Millet (goût discret, couleur jaune pâle). Utile pour tartes et pains, il apporte du corps sans dominer le goût. Je le tamise fin pour une texture plus douce. Riche en matières grasses, il rancit vite : achetez de petits paquets et gardez-les au frais.
Farines de pseudo-céréales : sarrasin, quinoa, teff, amarante
Sarrasin (saveur typée, couleur grise). C’est ma base pour les galettes, les gaufres salées et les pains rustiques. En tarte, je l’adoucis avec du riz ou de l’amande pour gagner en finesse. Une précision qui a son importance : le sarrasin ne contient pas de gluten par nature, mais il est très fréquemment contaminé par le blé ou l’orge à la culture, au transport ou à la mouture. En cas de maladie cœliaque, seule la mention « sans gluten » sur le paquet fait foi.
Quinoa (saveur végétale, parfois herbacée). Je le torréfie 5 minutes à sec pour calmer l’amertume. Très bon dans les pains, les crackers et les pâtes fraîches maison.
Amarante (arômes de noisette). Je l’emploie en petite part pour enrichir la pâte en protéines. Utile en biscuits croustillants et pains denses.
Teff (notes de cacao et de noisette). Parfait pour les pains moelleux et les cookies. Je l’associe au sorgho et au psyllium pour une mie plus élastique.

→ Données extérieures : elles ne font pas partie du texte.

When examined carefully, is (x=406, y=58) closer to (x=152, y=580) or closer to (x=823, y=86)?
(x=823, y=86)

Farines de légumineuses : pois chiche, lentille, soja
Pois chiche (goût caractéristique). Idéale pour socca, falafels, panisses, pâtes à frire et biscuits salés. Elle donne du fondant si on l’hydrate correctement. Son amertume à cru disparaît entièrement à la cuisson : ne jugez jamais une pâte au pois chiche avant qu’elle soit cuite.
Lentille (verte ou corail). J’en mets une petite proportion dans les pains et les wraps. Elle améliore les apports en protéines et la tenue en sandwich.
Soja (riche en protéines et en lipides). À utiliser avec parcimonie pour enrichir la valeur nutritive des muffins et du pain. Texture moelleuse si elle est bien dosée.
Haricot (blanc, rouge ou noir) et pois jaune. Je les réserve aux pains et aux brownies façon « bean flour », toujours en mélange pour arrondir le goût.
Farines d’oléagineux : amande, noisette, coco, sésame
Amande (gras naturel, goût doux). Parfaite pour les tartes sucrées, les biscuits sablés et les génoises sans gluten. Elle apporte du moelleux et une belle couleur dorée.
Noisette et châtaigne. Je m’en sers pour parfumer gâteaux, financiers et pâtes sablées, et la châtaigne se marie très bien avec le cacao et les agrumes.
Un mot sur la châtaigne, justement : je la range ici par habitude, parce qu’on l’emploie comme l’amande, pour parfumer. Nutritionnellement, elle n’a rien à voir. 70 à 75 g de glucides pour 100 g contre 18 à 22 g pour l’amande, et quatre fois moins de protéines. Elle apporte du sucre et de l’amidon, pas du gras. Ne les substituez pas l’une à l’autre sans ajuster le sucre de la recette — je le baisse d’un bon tiers quand je passe à la châtaigne.
Coco (riche en fibres, très absorbante). Je l’utilise en petite quantité pour épaissir les pâtes à crêpes ou les muffins, toujours avec un liquide supplémentaire.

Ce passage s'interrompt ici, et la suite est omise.